Para dar conta da demanda, a empresa teve de criar um departamento apenas para
lidar com os impostos.
"Na nossa área fiscal, se juntarmos desde o pessoal que faz recebimento de
notas até a etapa final, além do jurídico, falamos de 25, 30 pessoas. É um
absurdo", diz Mathias Elter, presidente da TMSA. "Entre 3% e 5% da
nossa força de trabalho lida com o fisco. É um verdadeiro caos."
Guerra
entre Estados
O estudo do Insper também apurou que a disputa envolvendo alguns tributos chega
a superar - e muito - toda a arrecadação.
Uma das maiores distorções é observada no Imposto sobre a Circulação de
Mercadorias e Serviços (ICMS). O valor das ações envolvendo apenas esse tributo
equivale, por exemplo, à toda a arrecadação dos Estados do país em 2019,
segundo o levantamento. Dado, que segundo os pesquisadores, está subestimado,
já que nem todos os governos detalham o contencioso por tipo de imposto.

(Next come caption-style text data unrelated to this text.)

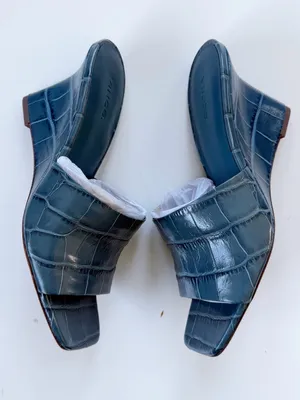VINCE Pia Leather Wedge Sandals - Lake Blue Size 9 thumbnail 3
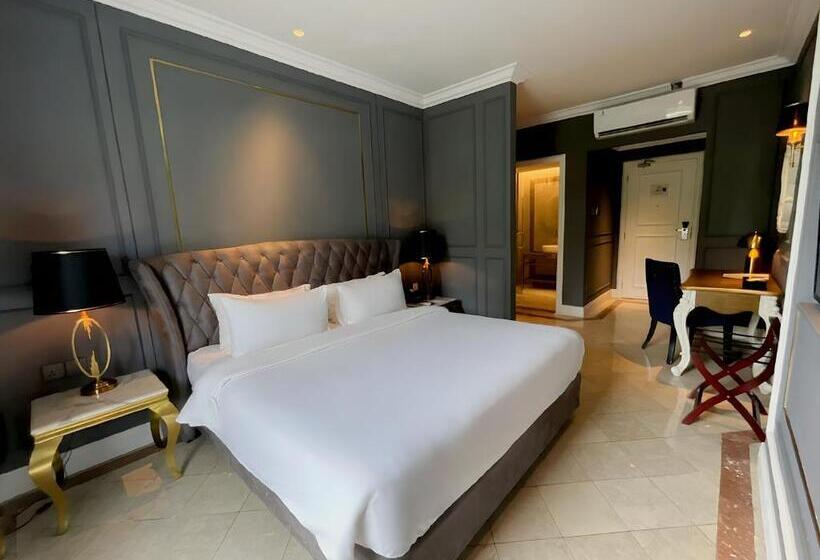 Suite, Grand Eska Hotel And Residences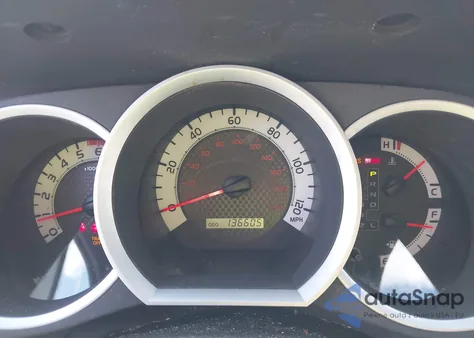 2015 Toyota Tacoma Base V6 z USA, uszkodzony, nr VIN 3TMLU4EN5FM172706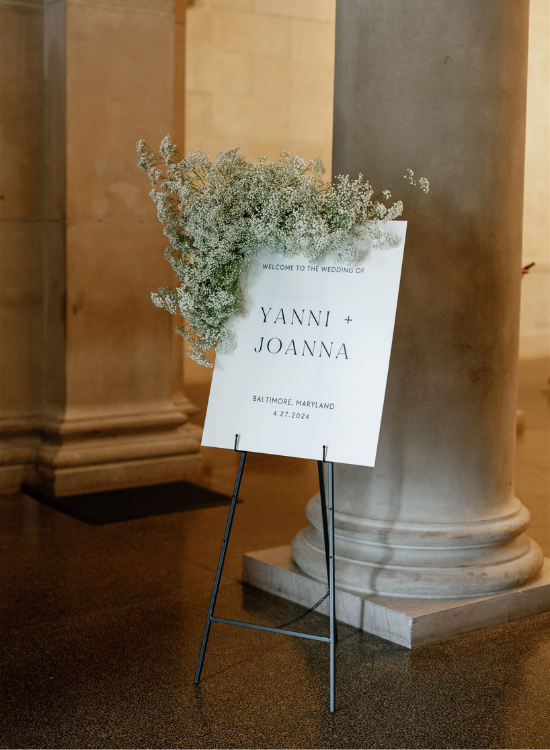 Acrylic vs Linen Wedding Signs: Which Is Right for You?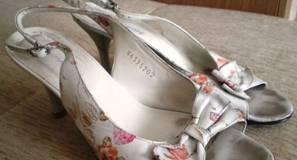 Босоножки б/у, белые с розовым рисунком, р.38 Санкт-Петербург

O ICMS é a principal fonte de receita dos Estados e tem uma legislação própria
em cada unidade da federação, o que estimula a chamada guerra fiscal. Ou seja,
uma concessão desmedida de benefícios tributários com o objetivo de atrair
empresas e investimentos.
"Esses números deixam claro que a discussão sobre a reforma tributária não
pode se furtar de olhar para os tributos subnacionais, em especial o ICMS",
alerta Lorreine.
"Esses números deixam claro que a discussão sobre a reforma tributária não
pode se furtar de olhar para os tributos subnacionais, em especial o
ICMS", alerta Lorreine.
Na esfera federal, a maior distorção está no Imposto de Renda da Pessoa
Jurídica (IRPJ). O contencioso representa 64% de toda a arrecadação federal em
2019. Já nos municípios, o gargalo está no Imposto Sobre Serviços (ISS), que
acumula disputas equivalentes a 61,5% da receita de todas as capitais no ano
passado.
Reformas
em discussão
A solução para reduzir esse contencioso trilionário passa, obrigatoriamente,
por uma reforma do sistema de impostos, alertam analistas.
No ano passado, a equipe econômica apresentou uma proposta considerada tímida,
com abrangência apenas federal. O texto propõe a unificação do PIS-Cofins, com
alíquota única de 12% para as empresas e de 5,8% para instituições financeiras.
O projeto está parado em uma comissão mista do Congresso, que também analisa
outros dois textos, mais amplos, vindos da Câmara dos Deputados e do Senado Federal.
A proposta da Câmara prevê a substituição de cinco tributos federais, estaduais
e municipais (PIS, Cofins, IPI, ICMS e ISS) por um só, o Imposto sobre Bens e
Serviços (IBS).
Já a do Senado prevê a união de nove tributos (também dos três níveis da
federação: ICMS, ISS, IPI, PIS, Cofins, Cide, Pasep, IOF e Salário-educação)
para criar o Imposto Sobre Operações de Bens e Serviços (IBS).
"As propostas que estão no Congresso precisam ser adaptadas e tornadas
mais compatíveis, já que em alguns casos elas se sobrepõem", diz o sócio e
economista da Kairós Capital, André Loes. "Se a gente tivesse um esforço
de compatibilizar essas propostas, que são boas, nós conseguiríamos ter uma
redução da complexidade e das possibilidades de se gerar contencioso."
"As propostas que estão no Congresso precisam ser adaptadas e tornadas
mais compatíveis, já que em alguns casos elas se sobrepõem", diz o sócio e
economista da Kairós Capital, André Loes. "Se a gente tivesse um esforço
de compatibilizar essas propostas, que são boas, nós conseguiríamos ter uma
redução da complexidade e das possibilidades de se gerar contencioso."